DATASET EXTRACT.
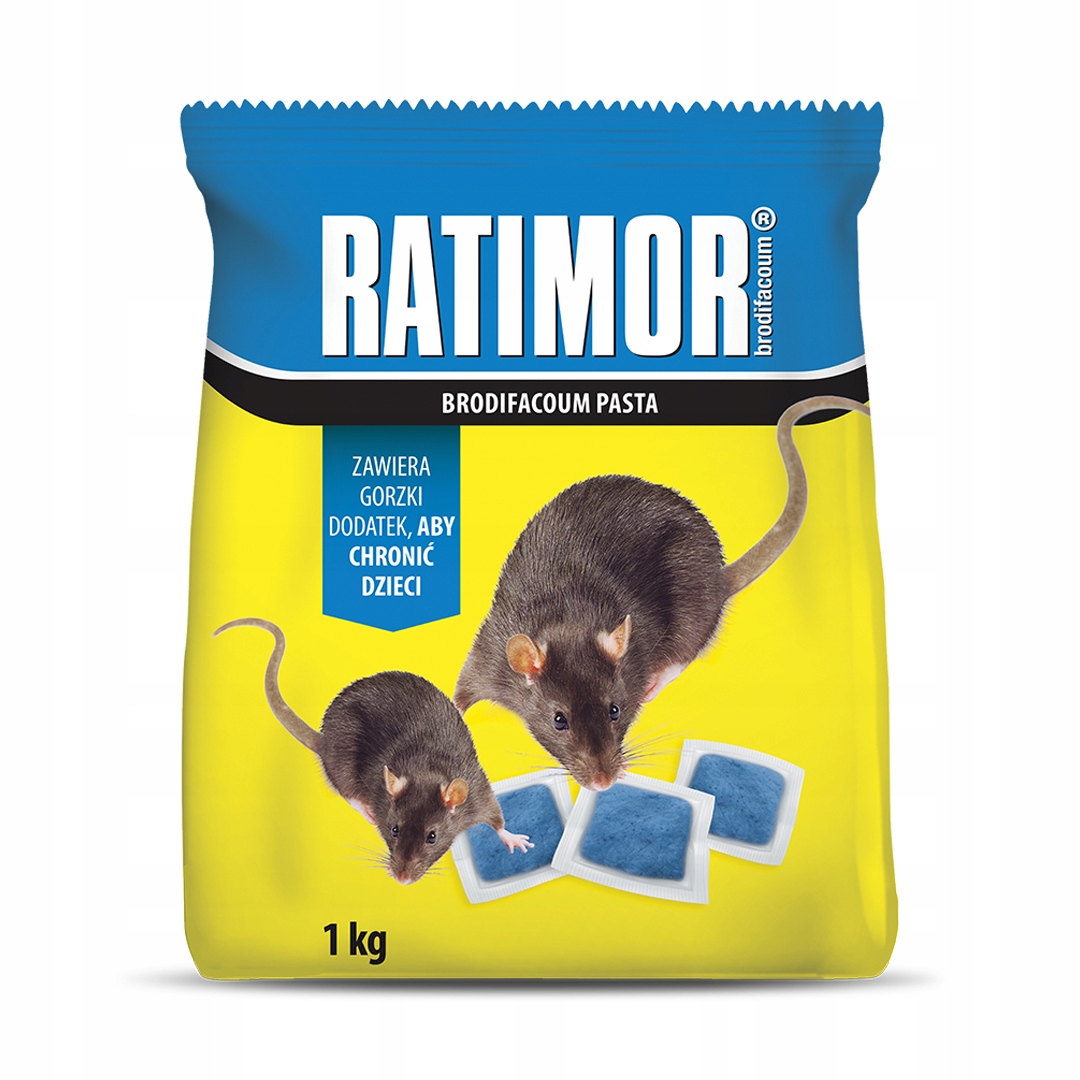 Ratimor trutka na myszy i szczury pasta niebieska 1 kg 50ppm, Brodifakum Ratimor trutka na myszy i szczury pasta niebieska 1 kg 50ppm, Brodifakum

==

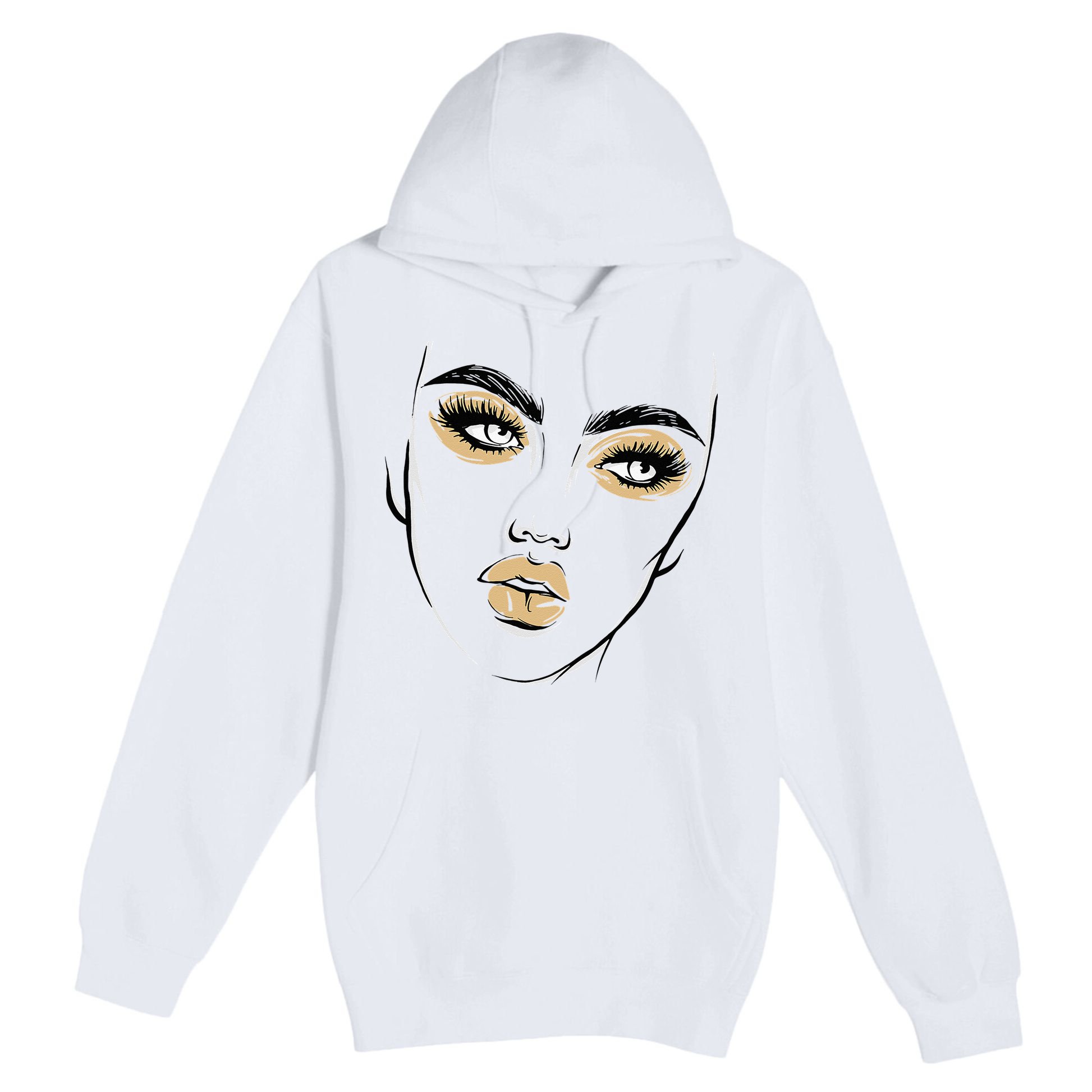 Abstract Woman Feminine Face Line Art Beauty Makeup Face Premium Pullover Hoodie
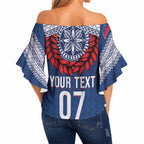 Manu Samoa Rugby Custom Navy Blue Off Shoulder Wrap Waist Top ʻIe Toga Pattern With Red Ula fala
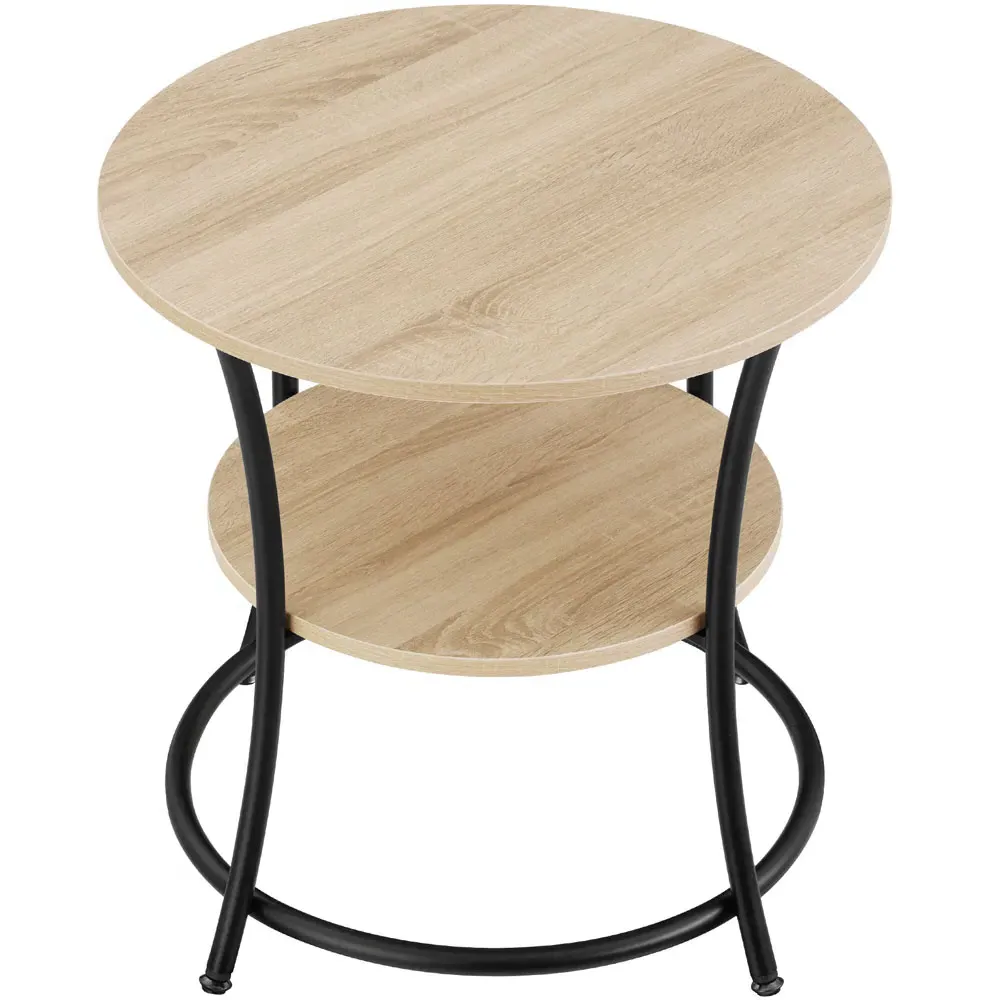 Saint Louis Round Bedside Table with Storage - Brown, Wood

...

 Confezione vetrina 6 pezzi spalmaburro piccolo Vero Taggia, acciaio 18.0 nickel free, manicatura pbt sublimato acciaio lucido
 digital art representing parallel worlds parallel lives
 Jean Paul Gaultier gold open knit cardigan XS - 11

TASK ITEM. Output exactly the stretch of the listing that begins at the line containing "Abstract Woman Feminine" and ends at the line containing "Saint Louis Round", both kept. Omit pictures and everything else.

ANSWER SPACE.
 Abstract Woman Feminine Face Line Art Beauty Makeup Face Premium Pullover Hoodie
 Manu Samoa Rugby Custom Navy Blue Off Shoulder Wrap Waist Top ʻIe Toga Pattern With Red Ula fala
 Saint Louis Round Bedside Table with Storage - Brown, Wood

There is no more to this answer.